The hood persists through classic processes of anti-Black caste: boundary maintenance, opportunity hoarding, and stereotype-driven surveillance. Today, government at all levels overinvests in affluent white space and disinvests in Blackness, with the exception of excessive spending on policing and incarceration. Segregation is at the heart of structural racism in America. In theory, the US Constitution and civil rights laws demand equal protection and treatment of Black Americans. In practice, American law and public policies have encouraged rather than discouraged segregation. Horizontal competition between communities of abundance and communities of need sets up a budgetary politics in which affluent spaces and people usually win. Politicians and non-descendants of all colors have participated in ghetto myths to justify containing descendants in high-poverty environs, or prisons, and to justify shrinking government, except the military and law enforcement. Fortunately, a revolutionary awakening has begun to disrupt this tired politics. A growing, multiracial coalition believes that Black Lives Matter. But the structures and policies that undermine Black lives, and divide the American house against itself, endure.

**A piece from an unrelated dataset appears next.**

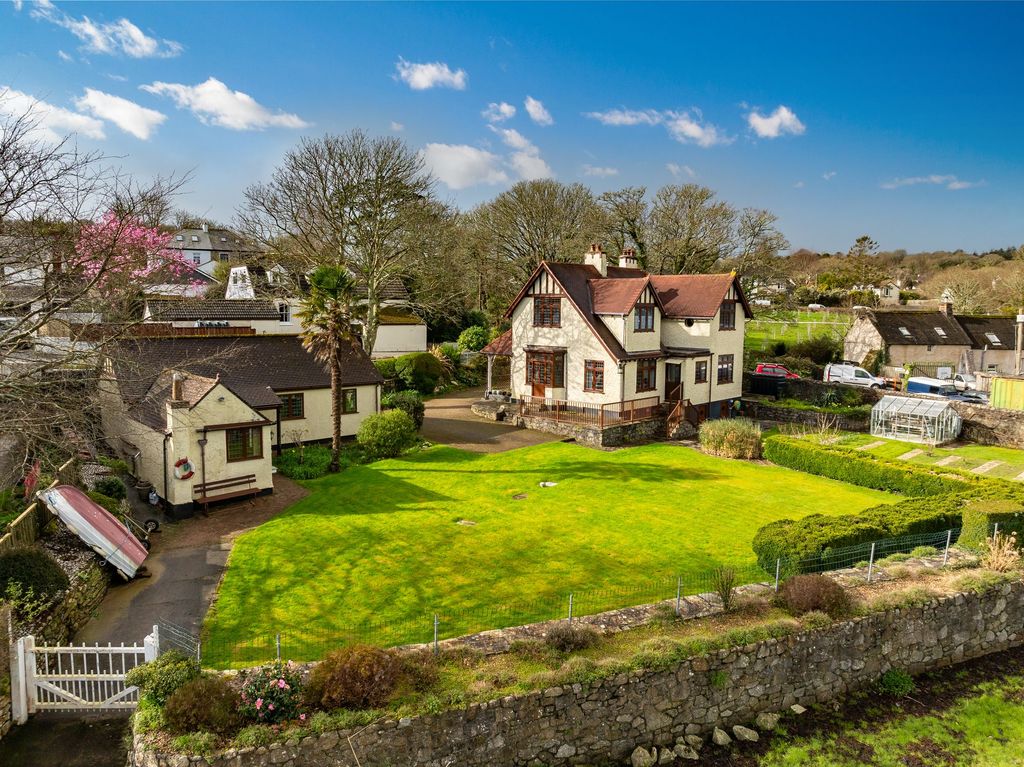 Property photo 2 of 28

Segregation and its mechanics of racialized favor and disfavor undermine opportunity for everyone. The American system of residential caste works only for the few who can buy their way into gold-standard neighborhoods that enjoy the best of everything. Everyone participates in this racialized system of opportunity for the few. The American way means trying to get into “good” neighborhoods and schools and avoid “bad” ones. Movers know, though they may not say it out loud, that what is really going on is avoidance of poor Black people in large numbers. Extreme segregation persists in metropolitan areas where large numbers of great migrants landed.
The processes of residential caste and structural racism also operate, though perhaps less visibly, in less overtly segregated places. Poverty-free havens and poverty-dense hoods would not exist if the state had not designed, constructed, and maintained this physical racial order. Intentional state action to create and maintain the racialized order included government-encouraged racially restrictive covenants, exclusionary zoning, Negro-cleansing “urban renewal,” intentionally segregated public housing, an interstate highway program laid to create racial barriers, endemic redlining, and intentionally disinvesting in basic services for Black neighborhoods. Individuals making choices about where to live may not recognize or acknowledge how much the state, through investment and disinvestment, shapes racial patterns and perceptions.